Here we are following these states:

This image represents what is called the recursion tree. It show us how the function do the transitions.

Moreover, notice that we do not need to do something like this:

.
.
.
  for (int p_i = 1; p_i <= n; p_i++) {
    if (!used[p_i]) {
      vector <bool> used_previous = used;
      vector <int> permutation_previous = permutation;
      used[p_i] = true;
      permutation.push_back(p_i);
      backtrack();
      used = used_previous;
      permutation = permutation_previous;
    }
  }
.
.
.

Because it will be heavier that the first solution and we know that:

  • If previous of calling the recursion we ADD an element TO THE END of the vector, then after the recursion we must DELETE THE LAST element of the vector.
  • If previous of calling the recursion we SET TO TRUE an element, then after the recursion we must SET TO FALSE that element.
  • If previous of calling the recursion we ADD something, then after the recursion we must SUBTRACT something.
  • Following this logic, If previous of calling the recursion we DO ONE OPERATION, then after the recursion we must REVERSE that operation. If the operation is complicated we can just save a copy of the previous state, else we can try to reverse the operations.

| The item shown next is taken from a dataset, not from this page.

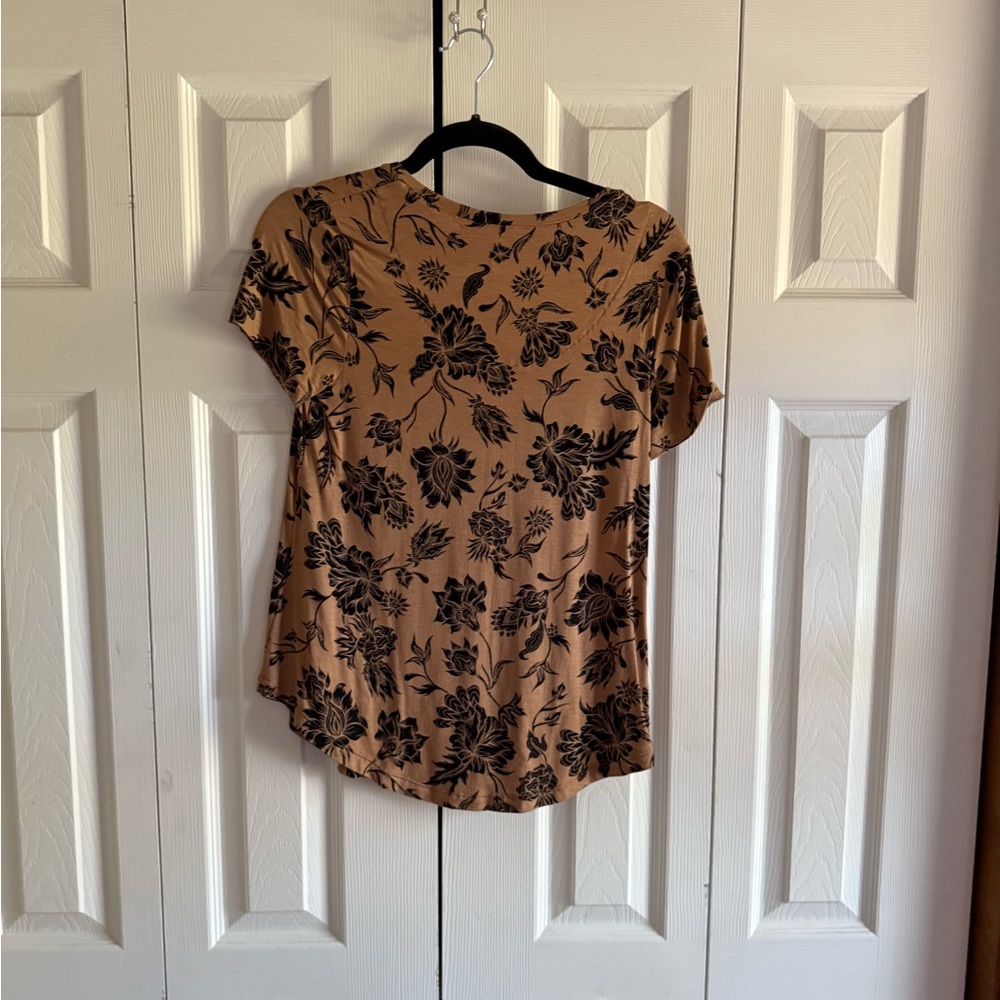 Floral Print Tan Top - Picture 2 of 3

From all this one notice that if you are in your recursion in some state and you go to state', then after returning of traversing the recursion tree of state' you expect to have some variables in the condition they were before traversing the recursion tree of state'. Understanding this idea is the key to implement backtracking solutions.

Sudoku

With backtracking it is easy to generate all possible movements in a game and choose the best movement.

Problem:

Complete the above sudoku such that each number from 1 to 9 is found just once in each row, column and quadrant.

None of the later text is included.